We want to provide publicly available “service status” information for our customers and for monitoring service quality ourselves. For this we need a dedicated page (which does not necessarily need to be part of the HKCCP) to collect and display status information.
Ideally, the information is updated on that page automatically without human intervention to always correspond to the actual system status.
Some examples of such pages are:
* https://www.infomaniak.com/en/network-status
* https://dev.twitter.com/overview/status
* http://azure.microsoft.com/en-us/status/
* http://www.google.com/appsstatus#hl=de&v=status
* https://status.github.com/
The specific design for the page will be provided by the same designers that also designed our websites.

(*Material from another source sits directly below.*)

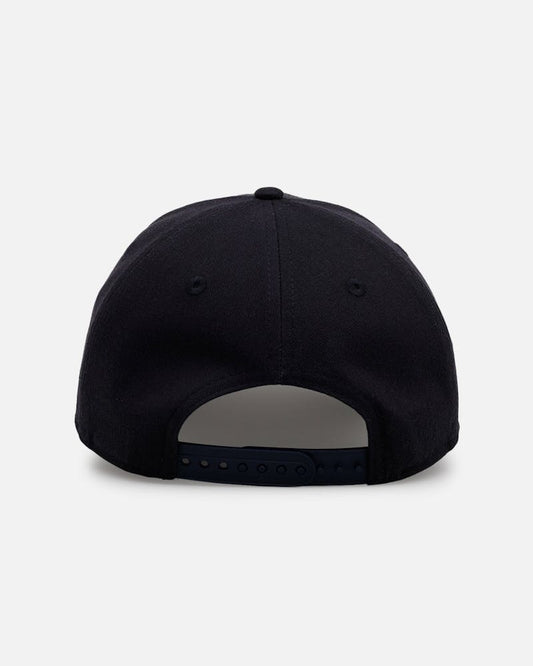 New Era 9Forty A-flame NY "Palm Trees"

## Implementation Design Considerations
These are existing environment details:
* The status of systems is monitored and alerted about through Nagios, which is therefore the holder of all performance data.
* Trending happens through Munin, and is stored in RRD databases.

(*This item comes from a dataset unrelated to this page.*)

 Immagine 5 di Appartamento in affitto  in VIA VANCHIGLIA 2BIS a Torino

* Puppet is used to manage the configuration of systems during their life-time.
The goal might therefore include:
# Current system health is derived from Nagios status indicators,
# Certain aspects of current system health are contained within Munin RRD database files (disk latency for example),
# Puppet catalogs with pending actions can give us an indication on 'future stability', as all configuration changes pending naturally result in a level of risk associated with them.
The following links already exist:
* A node in an environment including is applied a configuration management resource to, such as 'imap::frontend',
* We therefore know that provided the domain name space and environment stage match, the node is a participatory provider of the service,
* It becomes a host group,
* The number of functional members of the host group divided by the total number of members of the host group gives us a ratio.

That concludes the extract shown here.